● **Task input**
□ □ □
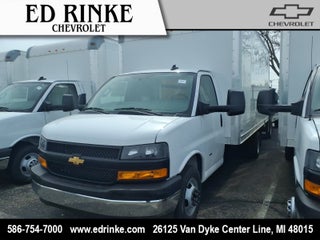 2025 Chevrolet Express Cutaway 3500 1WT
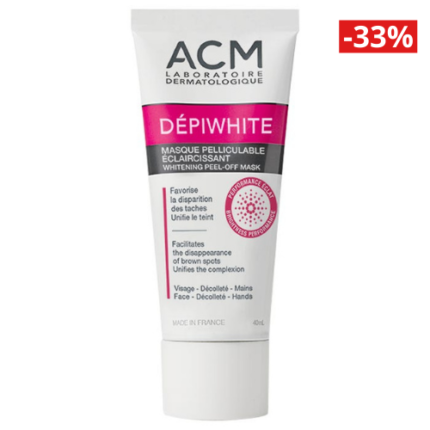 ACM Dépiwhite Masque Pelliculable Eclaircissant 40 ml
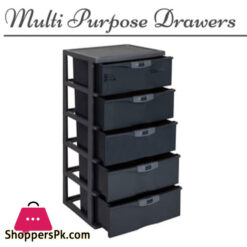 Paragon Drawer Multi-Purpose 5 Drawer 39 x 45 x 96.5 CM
□ □ □
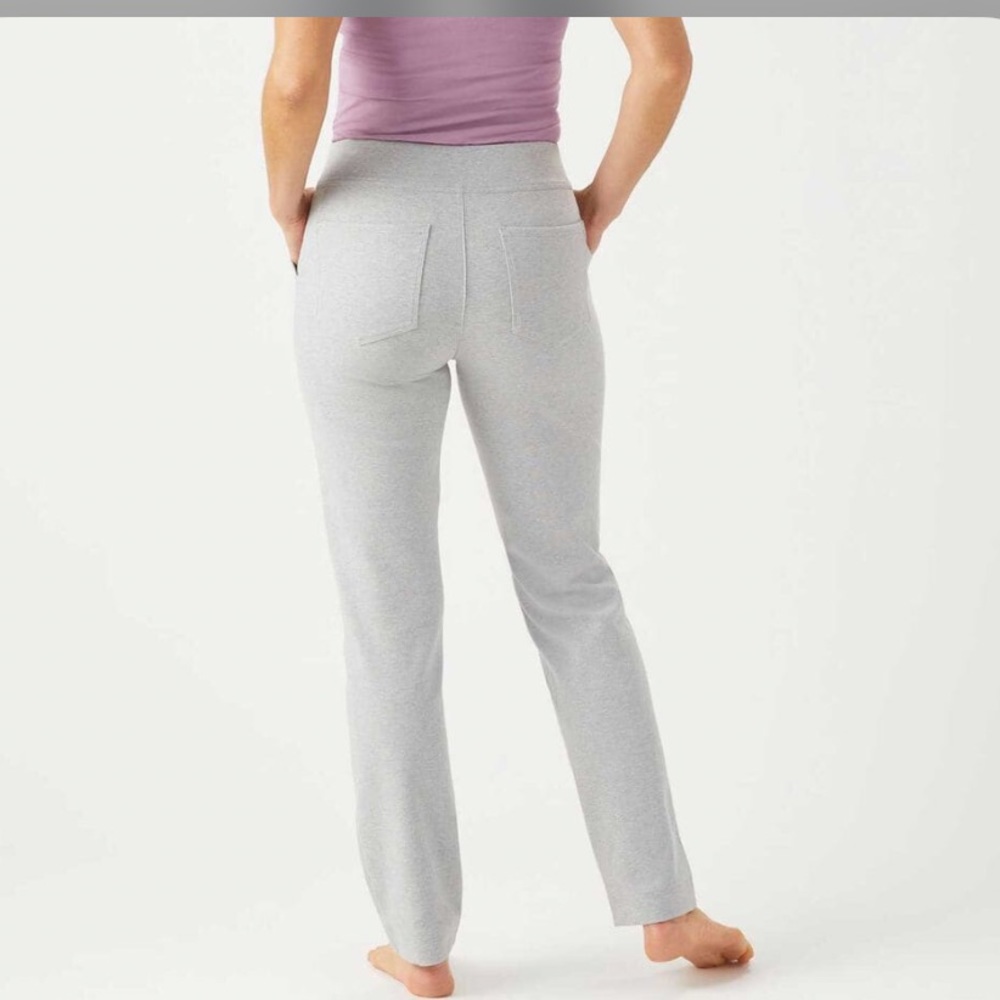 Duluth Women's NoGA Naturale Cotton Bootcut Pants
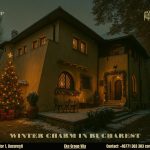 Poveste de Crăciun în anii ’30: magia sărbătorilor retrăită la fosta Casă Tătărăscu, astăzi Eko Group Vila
□ □ □
● **Exercise instructions**
Taking the material above, give again exactly the lines from the one holding "Duluth Women's NoGA" through the one holding "Poveste de Crăciun", with both ends and without pictures.

● **Response box**
 Duluth Women's NoGA Naturale Cotton Bootcut Pants
 Poveste de Crăciun în anii ’30: magia sărbătorilor retrăită la fosta Casă Tătărăscu, astăzi Eko Group Vila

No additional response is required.